In the records below, repeat exactly the lines between the line holding "Carnaval no Call" and the line holding "Stalo įrankiai EDISONmama, nuo", inclusive, and drop the pictures.

[Caption-style text data]
━━━━━━━━━━━━━━━━━━━━━━━━━━━━━━
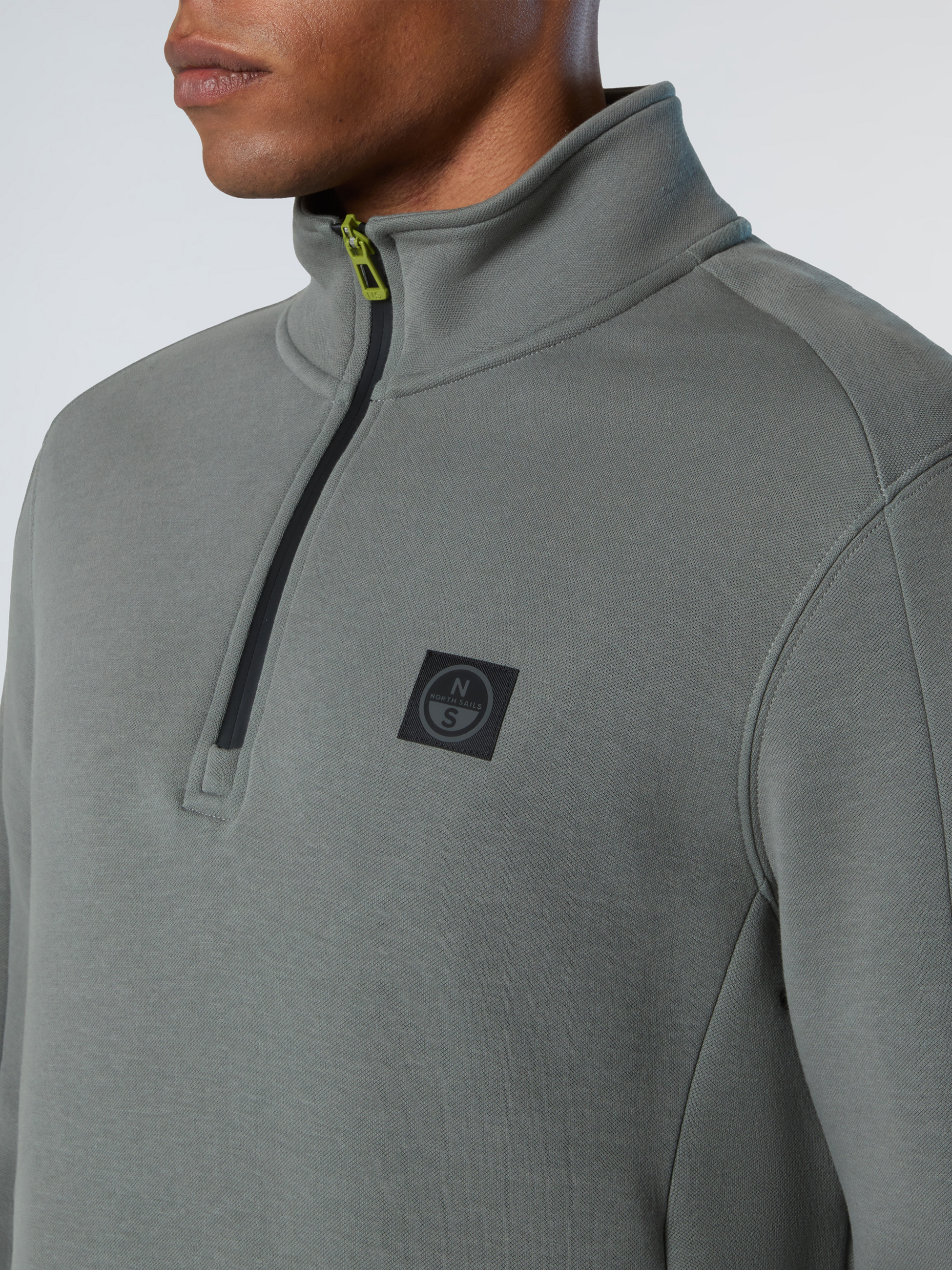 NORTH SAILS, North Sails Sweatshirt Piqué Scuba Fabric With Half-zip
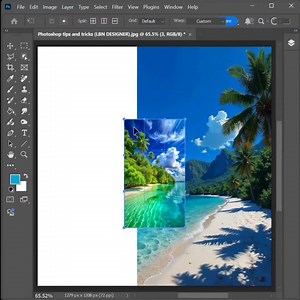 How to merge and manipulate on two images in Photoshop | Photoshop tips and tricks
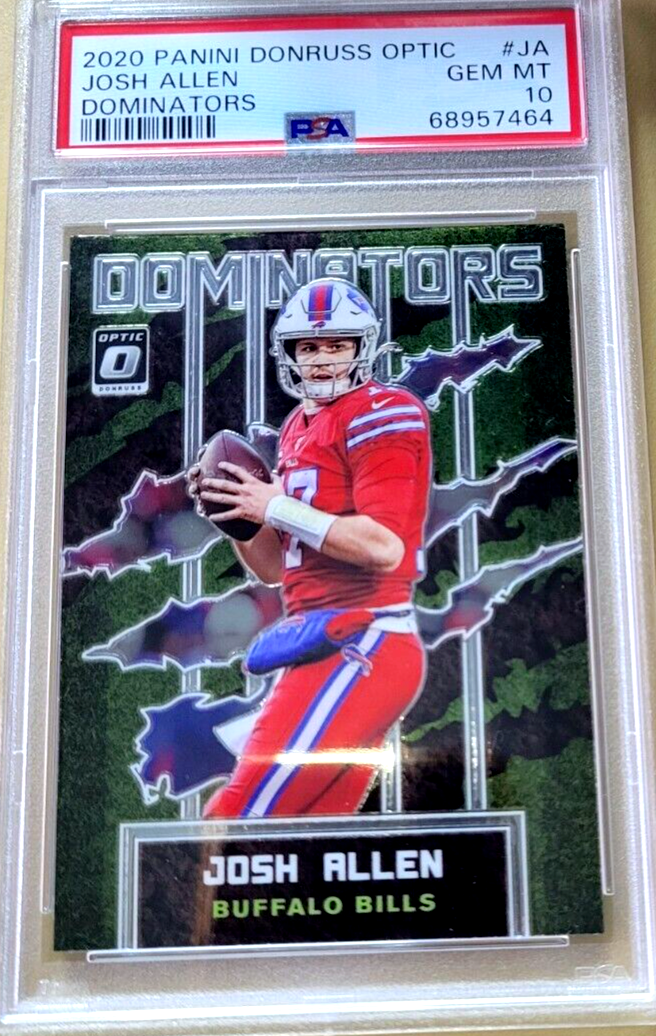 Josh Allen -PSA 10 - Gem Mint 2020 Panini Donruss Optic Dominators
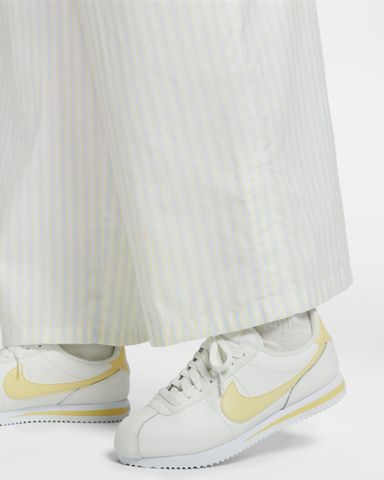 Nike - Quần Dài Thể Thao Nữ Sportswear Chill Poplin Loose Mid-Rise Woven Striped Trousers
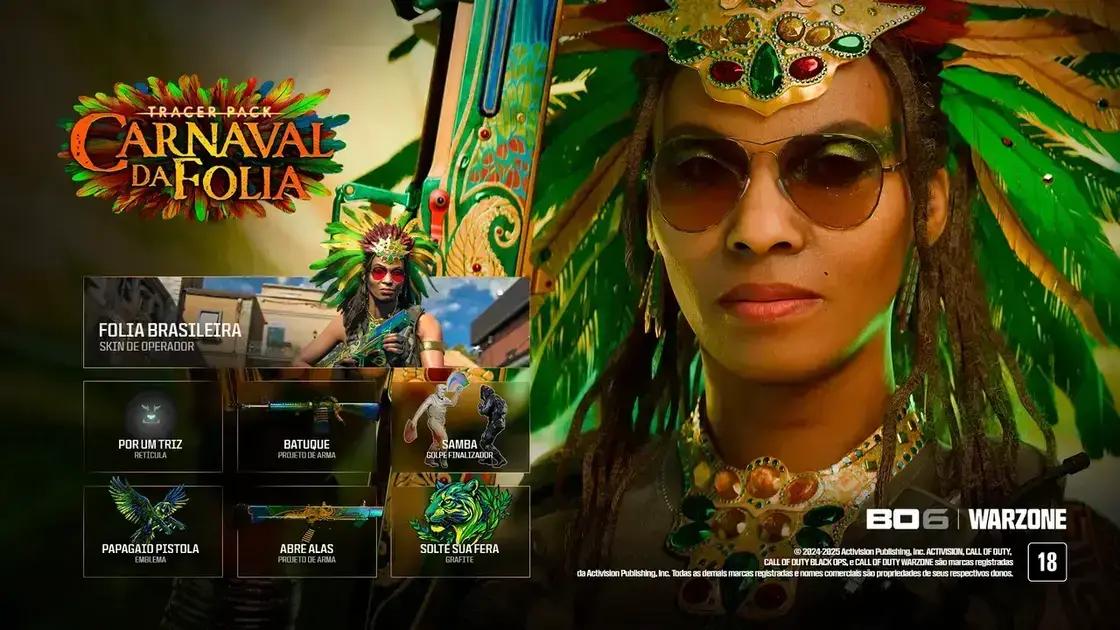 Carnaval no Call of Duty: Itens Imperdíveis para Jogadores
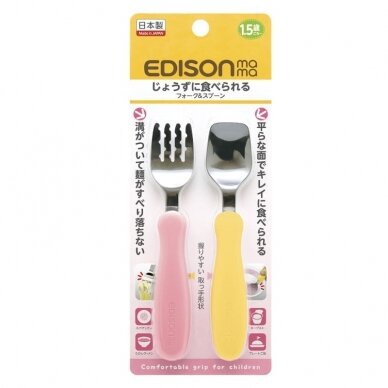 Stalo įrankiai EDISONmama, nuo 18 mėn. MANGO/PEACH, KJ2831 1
━━━━━━━━━━━━━━━━━━━━━━━━━━━━━━
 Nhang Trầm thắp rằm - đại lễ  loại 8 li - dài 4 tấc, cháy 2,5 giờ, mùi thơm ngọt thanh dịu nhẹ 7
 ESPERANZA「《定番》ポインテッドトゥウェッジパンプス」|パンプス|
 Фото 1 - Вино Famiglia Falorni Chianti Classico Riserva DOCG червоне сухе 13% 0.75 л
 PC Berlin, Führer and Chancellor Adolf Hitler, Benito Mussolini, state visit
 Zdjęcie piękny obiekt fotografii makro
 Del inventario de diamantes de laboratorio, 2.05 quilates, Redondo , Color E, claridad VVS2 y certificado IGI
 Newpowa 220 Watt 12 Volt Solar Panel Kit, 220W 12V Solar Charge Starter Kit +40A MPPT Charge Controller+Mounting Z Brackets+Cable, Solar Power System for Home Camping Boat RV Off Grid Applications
━━━━━━━━━━━━━━━━━━━━━━━━━━━━━━
--- Task solution ---
 Carnaval no Call of Duty: Itens Imperdíveis para Jogadores
 Stalo įrankiai EDISONmama, nuo 18 mėn. MANGO/PEACH, KJ2831 1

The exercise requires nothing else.